___ Recorded information

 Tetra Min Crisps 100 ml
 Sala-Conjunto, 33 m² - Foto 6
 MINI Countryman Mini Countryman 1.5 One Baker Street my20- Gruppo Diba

______

▶ _The problem_: Exactly as given, restate all the lines above.

▶ _Answer_:
 Tetra Min Crisps 100 ml
 Sala-Conjunto, 33 m² - Foto 6
 MINI Countryman Mini Countryman 1.5 One Baker Street my20- Gruppo Diba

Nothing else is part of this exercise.